**WORK REQUEST**
For the records below, output word for word the lines from the one with "Men's Elastic Waistband" up to and including the one with "Vintage Stoneware Pottery". No pictures.

**STUDY MATERIAL**
===

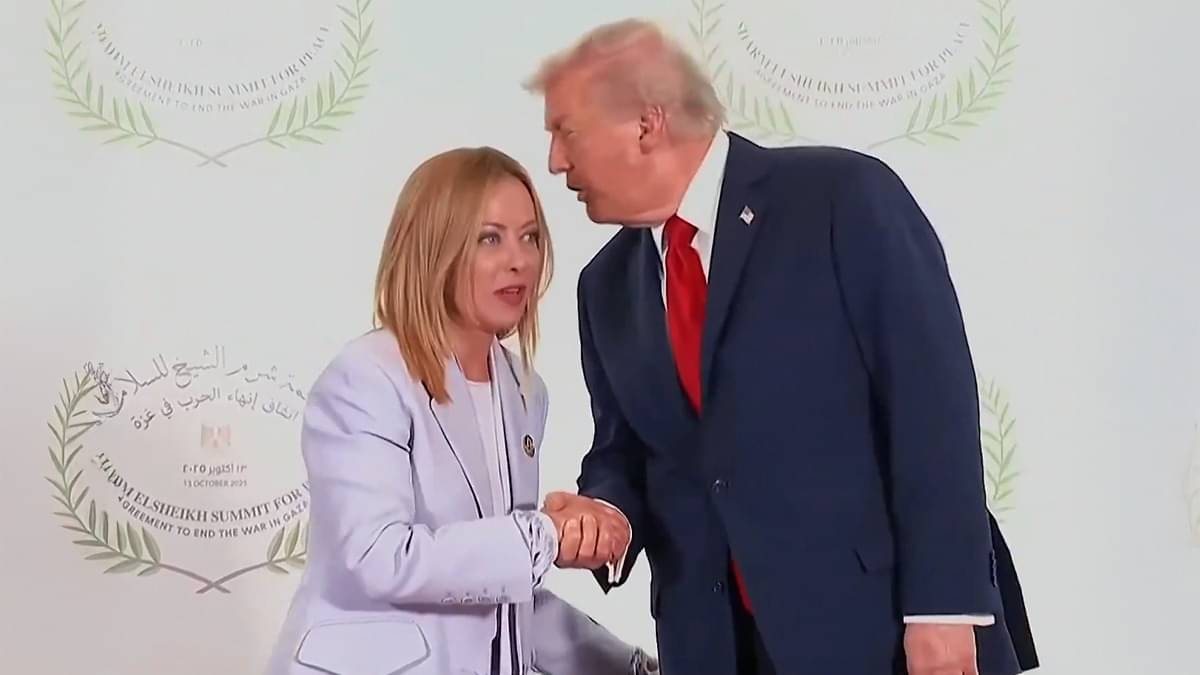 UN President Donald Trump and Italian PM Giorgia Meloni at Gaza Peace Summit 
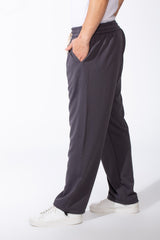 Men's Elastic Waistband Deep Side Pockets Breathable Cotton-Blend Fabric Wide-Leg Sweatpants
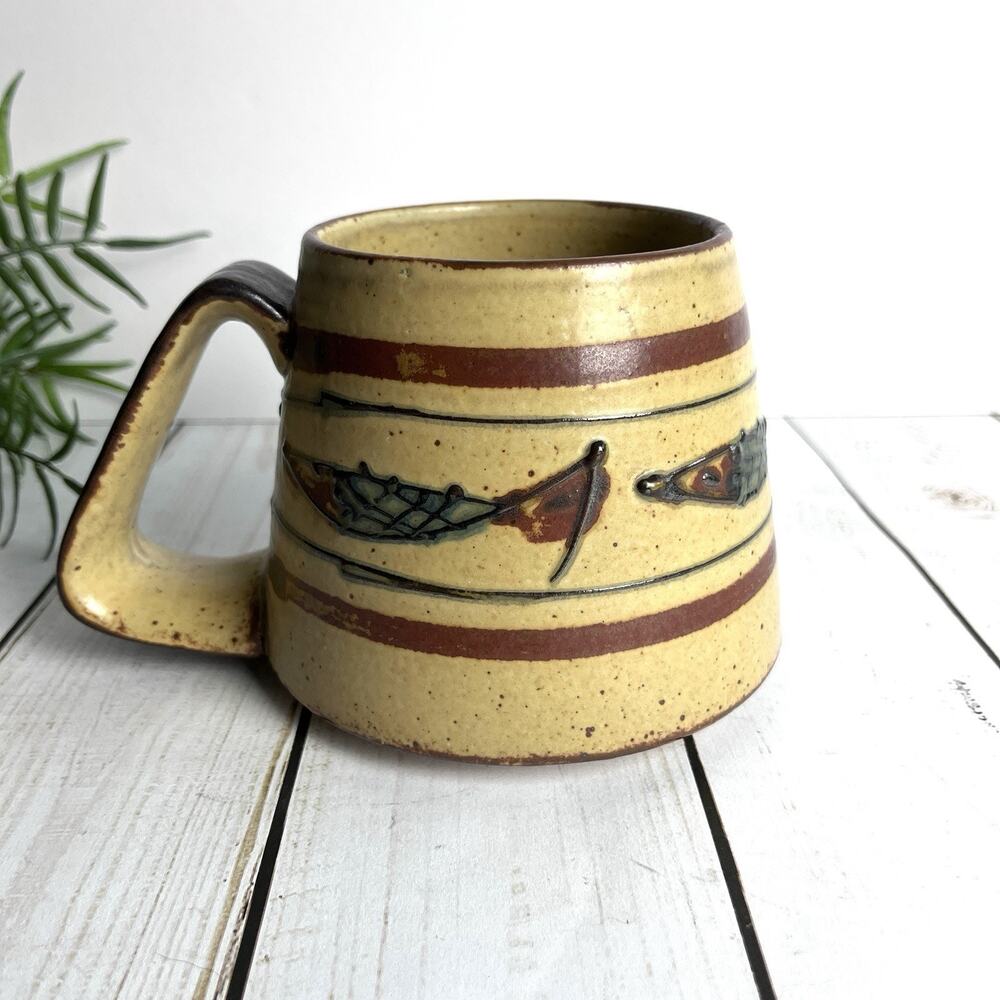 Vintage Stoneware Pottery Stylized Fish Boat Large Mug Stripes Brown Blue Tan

===

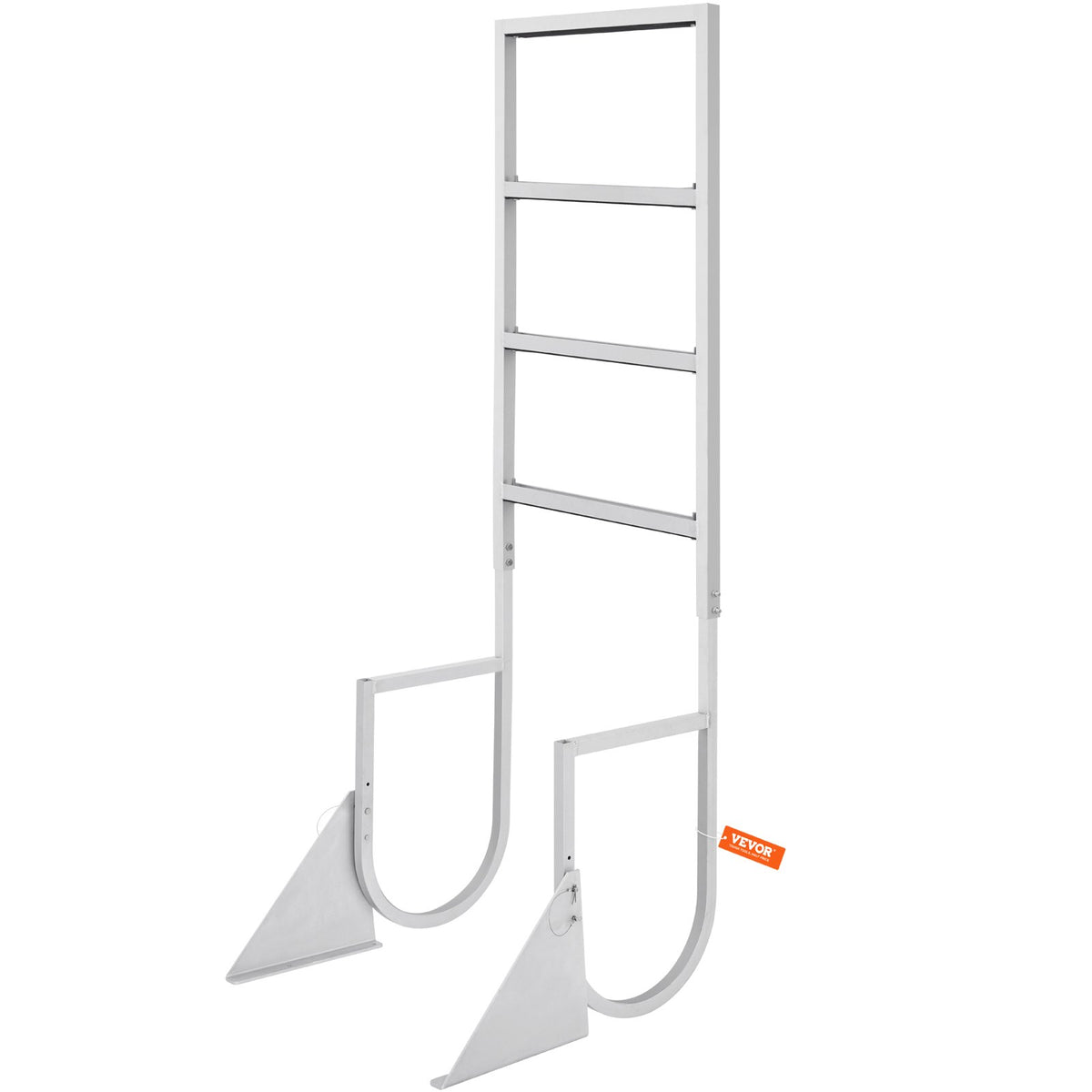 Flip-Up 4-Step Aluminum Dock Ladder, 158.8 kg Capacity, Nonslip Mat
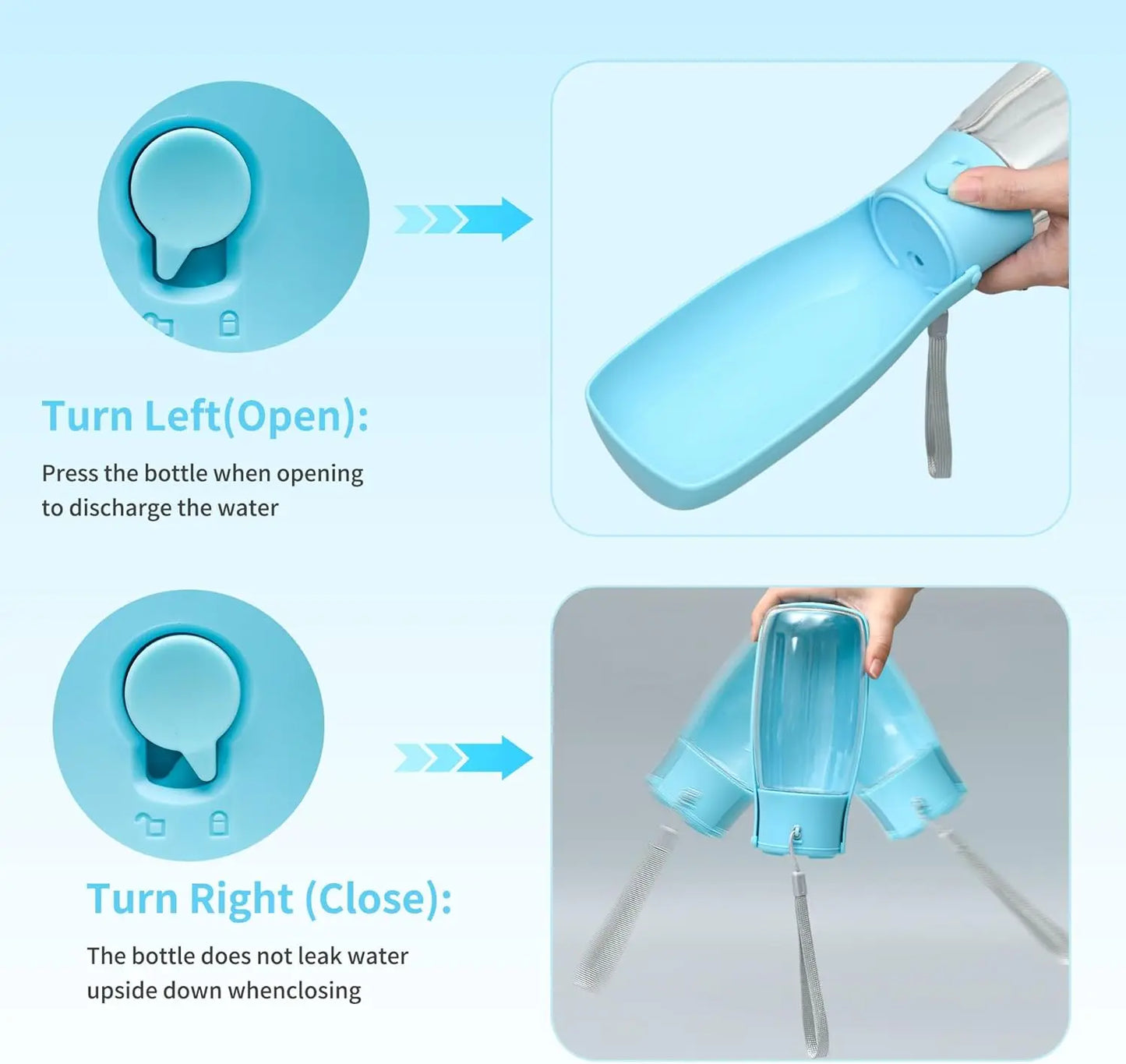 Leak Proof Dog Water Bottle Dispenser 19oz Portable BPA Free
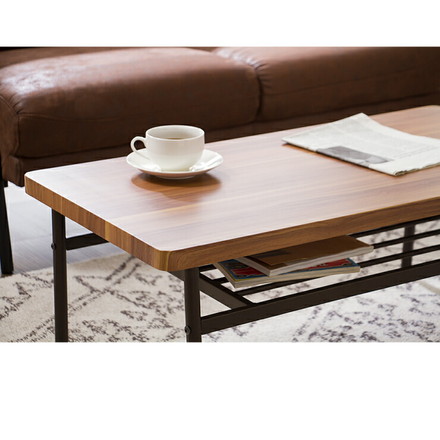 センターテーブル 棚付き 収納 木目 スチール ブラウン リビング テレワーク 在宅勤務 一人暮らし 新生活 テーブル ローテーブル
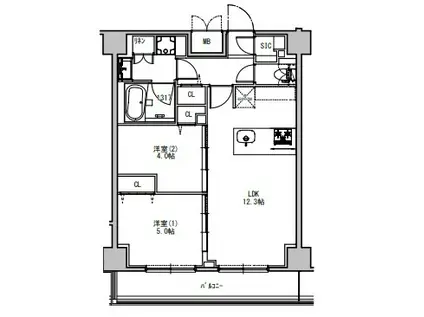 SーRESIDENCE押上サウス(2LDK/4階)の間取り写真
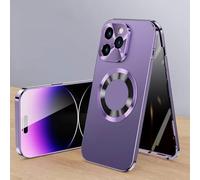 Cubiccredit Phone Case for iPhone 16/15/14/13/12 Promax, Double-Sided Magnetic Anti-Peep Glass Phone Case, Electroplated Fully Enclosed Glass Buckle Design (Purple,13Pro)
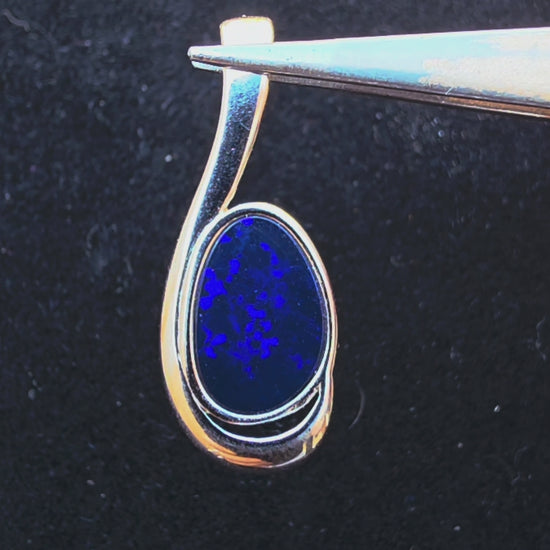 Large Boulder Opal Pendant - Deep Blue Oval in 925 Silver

===

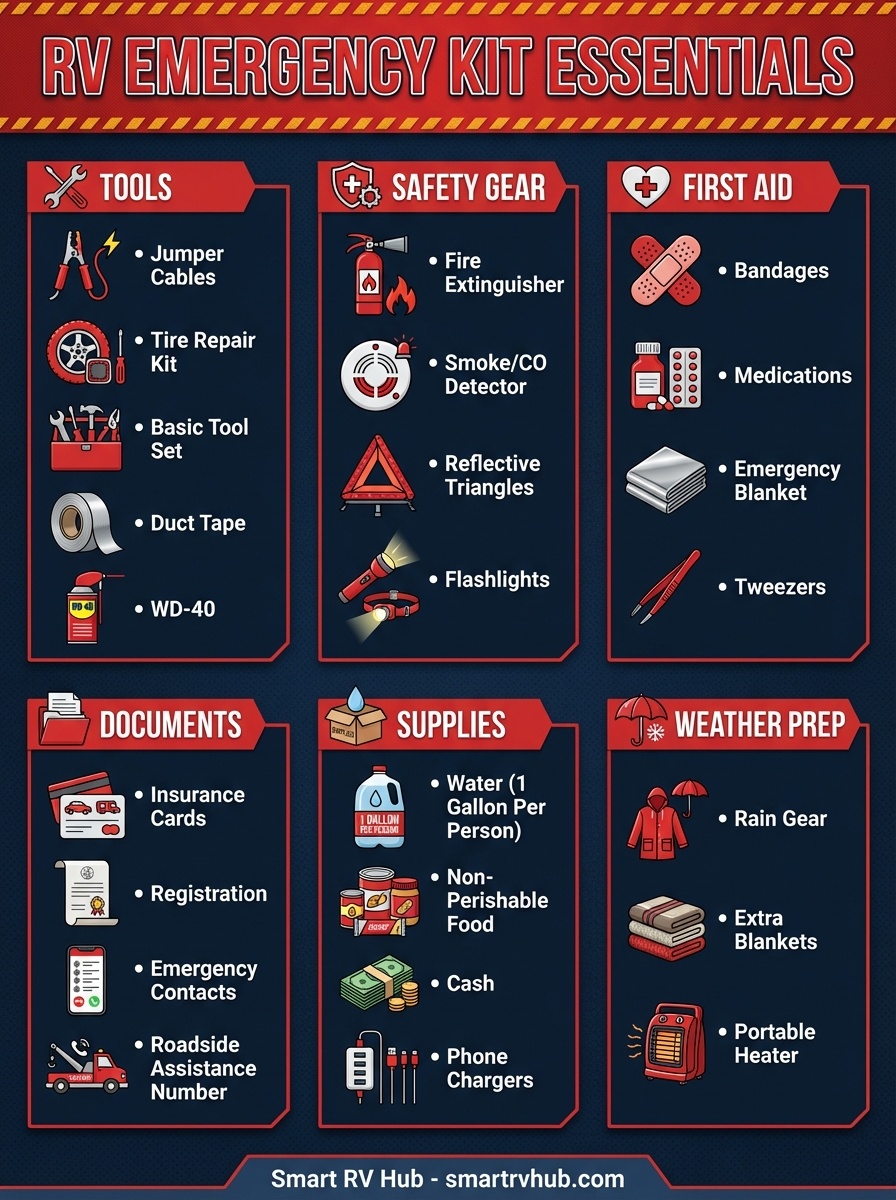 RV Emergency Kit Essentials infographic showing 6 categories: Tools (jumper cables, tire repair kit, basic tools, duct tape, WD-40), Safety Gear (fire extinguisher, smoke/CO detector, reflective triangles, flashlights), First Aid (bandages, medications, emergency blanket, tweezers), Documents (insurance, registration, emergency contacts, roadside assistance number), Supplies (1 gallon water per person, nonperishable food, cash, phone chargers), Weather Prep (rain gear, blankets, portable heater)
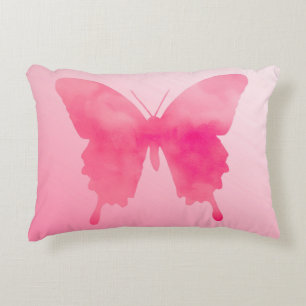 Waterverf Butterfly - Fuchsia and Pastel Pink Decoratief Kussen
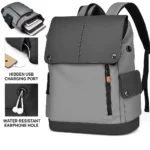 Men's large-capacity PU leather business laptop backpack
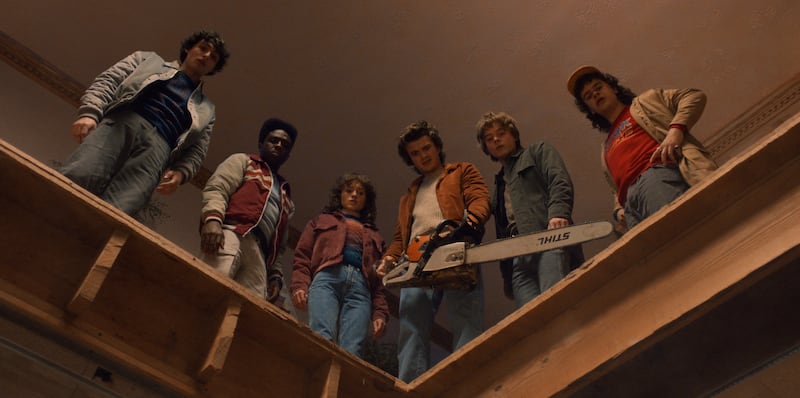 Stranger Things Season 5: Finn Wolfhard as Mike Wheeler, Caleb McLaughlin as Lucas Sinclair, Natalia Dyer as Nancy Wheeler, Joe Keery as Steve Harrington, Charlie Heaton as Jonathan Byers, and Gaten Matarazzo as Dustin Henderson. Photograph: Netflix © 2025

===

**ANSWER FOR THIS EXERCISE**
 Men's Elastic Waistband Deep Side Pockets Breathable Cotton-Blend Fabric Wide-Leg Sweatpants
 Vintage Stoneware Pottery Stylized Fish Boat Large Mug Stripes Brown Blue Tan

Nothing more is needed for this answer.